→ **Exercise details**: All of the data that follows is to be written out exactly, with images excluded.

Data excerpts START

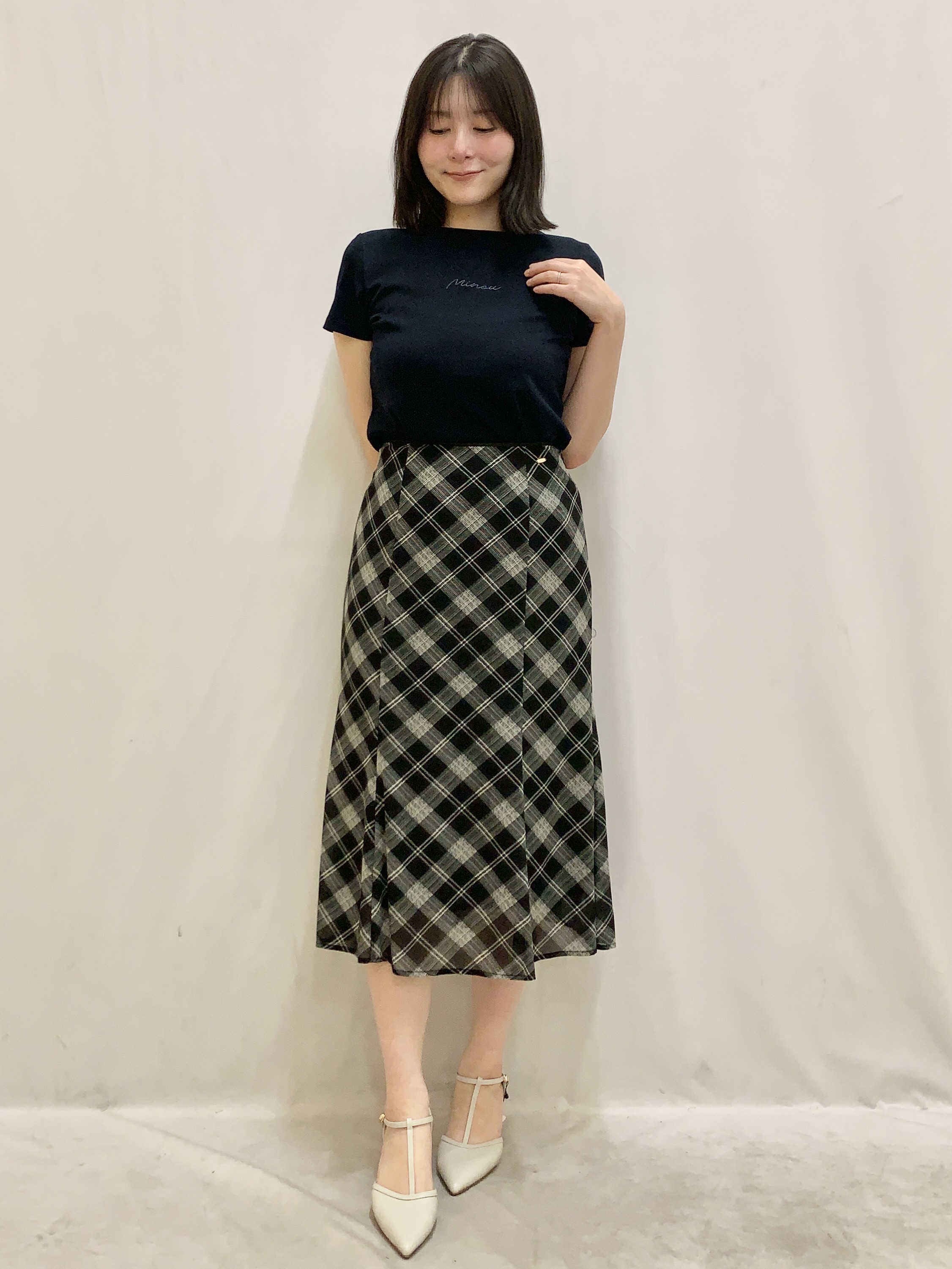 kasumiさんの「index｜【UVケア／接触冷感】フロントロゴ刺繍Tシャツ《洗濯機OK／S-3L／7col》」を使ったコーディネート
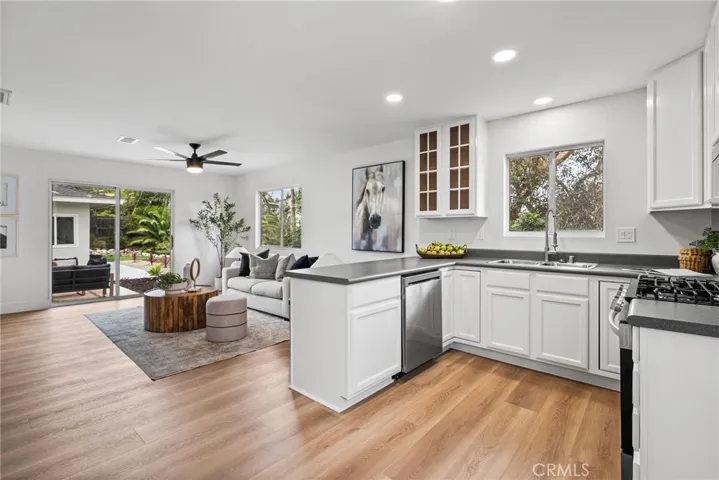 1903 E Bolingridge, Orange, California 92865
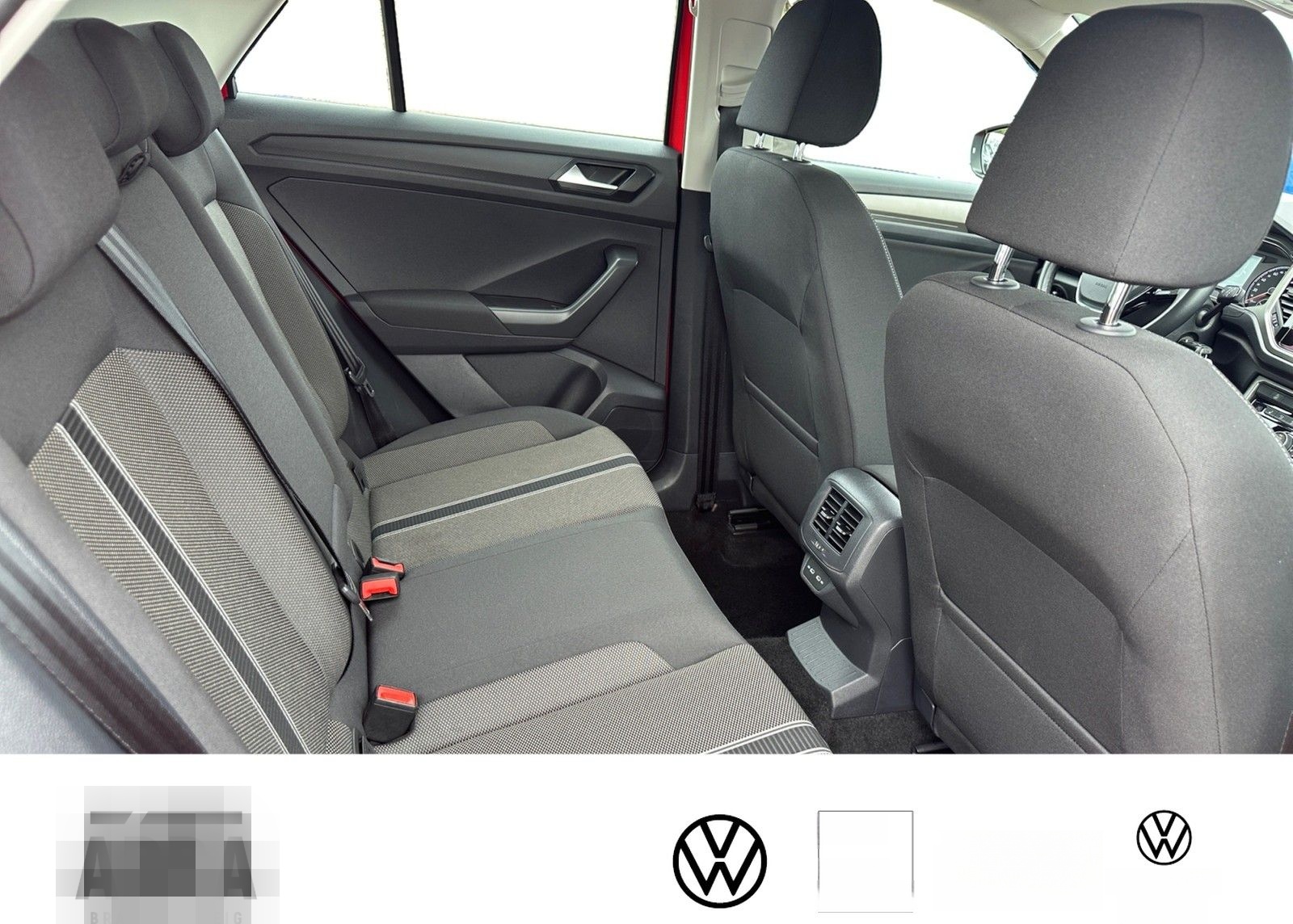 Volkswagen T-Roc 1.5 TSI Style LED+NAVI+CAM+LANE+ACC+PDC foto 14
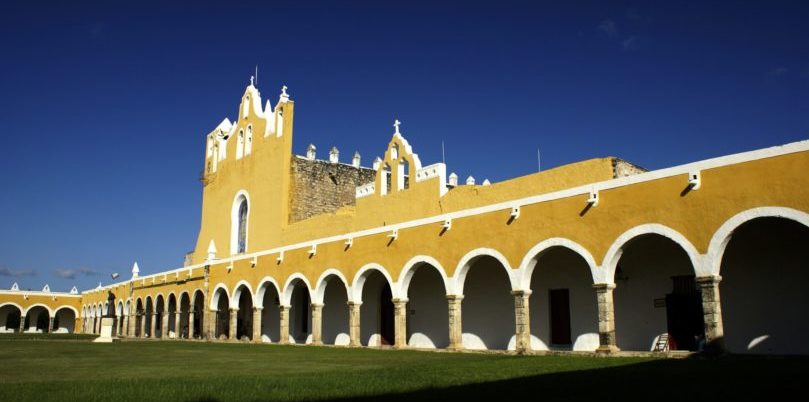 Mexiko, Convento Izamal, Latin America Tours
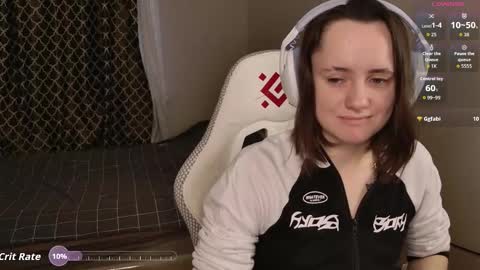 luna_loveeee online show from December 3, 4:59 am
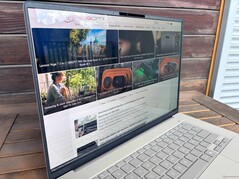 Ao ar livre (dia claro, sem luz solar direta)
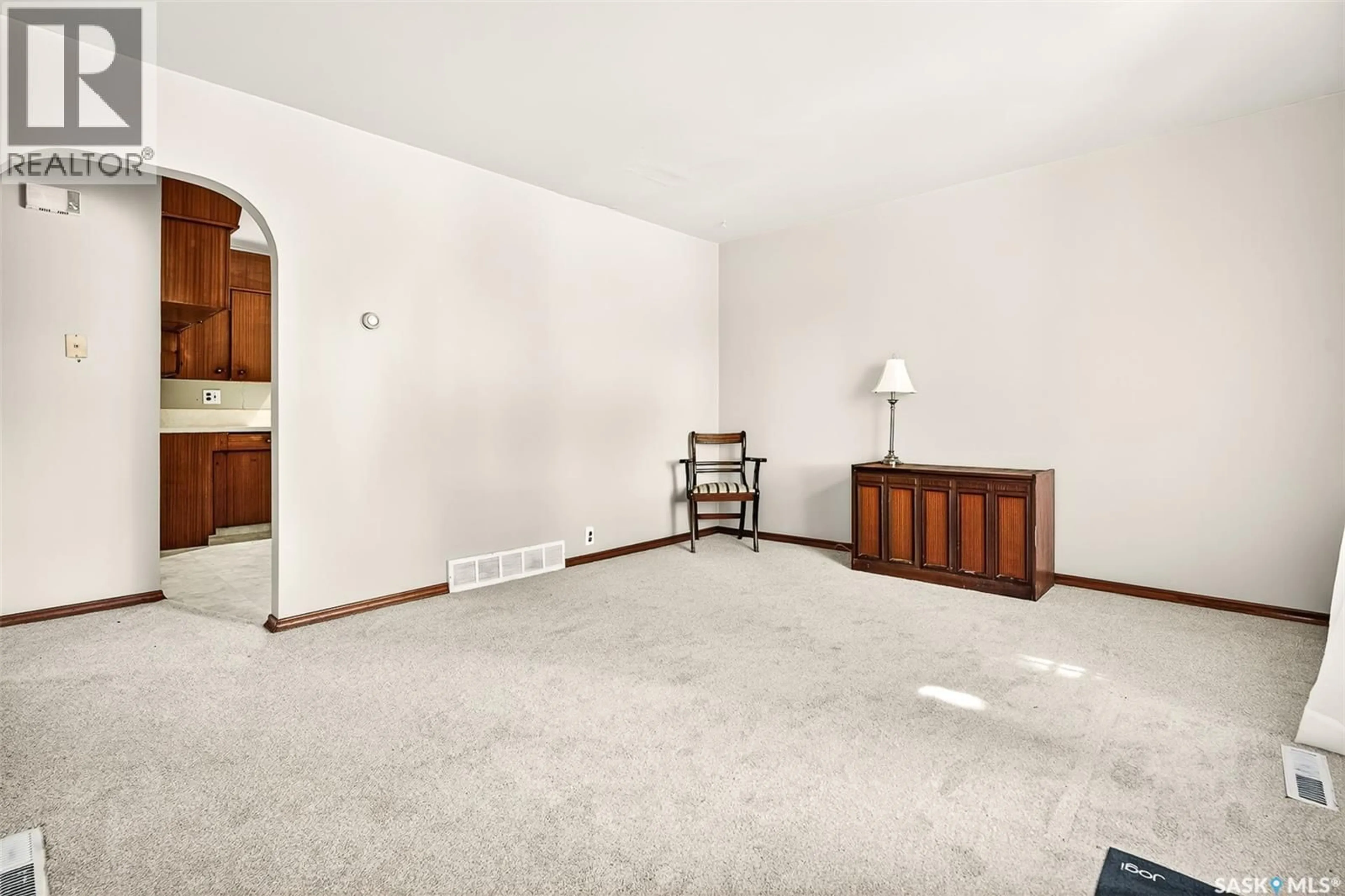 A pic of a room for 530 DUFFIELD STREET, Moose Jaw Saskatchewan S6H5H9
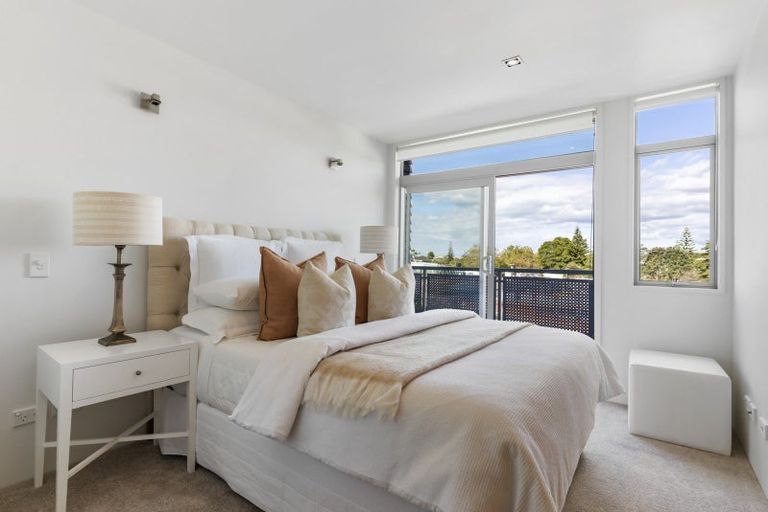 Photo of property in 11 Icarus Place, Half Moon Bay, Auckland, 2012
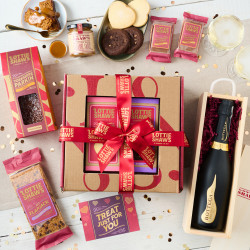 Celebration Hamper with Prosecco and Baked Treats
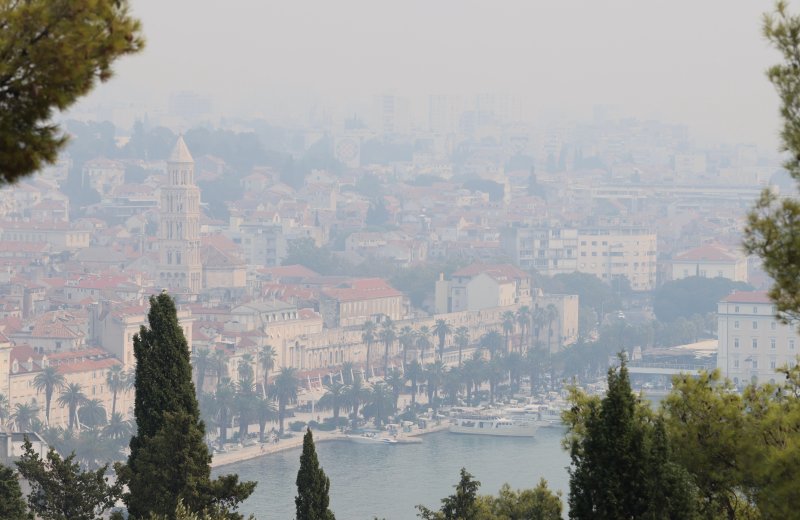 Split prekriven dimom zbog požara kod Tomislavgrada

Data excerpts END

→ **Task response**:
 kasumiさんの「index｜【UVケア／接触冷感】フロントロゴ刺繍Tシャツ《洗濯機OK／S-3L／7col》」を使ったコーディネート
 1903 E Bolingridge, Orange, California 92865
 Volkswagen T-Roc 1.5 TSI Style LED+NAVI+CAM+LANE+ACC+PDC foto 14
 Mexiko, Convento Izamal, Latin America Tours
 luna_loveeee online show from December 3, 4:59 am
 Ao ar livre (dia claro, sem luz solar direta)
 A pic of a room for 530 DUFFIELD STREET, Moose Jaw Saskatchewan S6H5H9
 Photo of property in 11 Icarus Place, Half Moon Bay, Auckland, 2012
 Celebration Hamper with Prosecco and Baked Treats
 Split prekriven dimom zbog požara kod Tomislavgrada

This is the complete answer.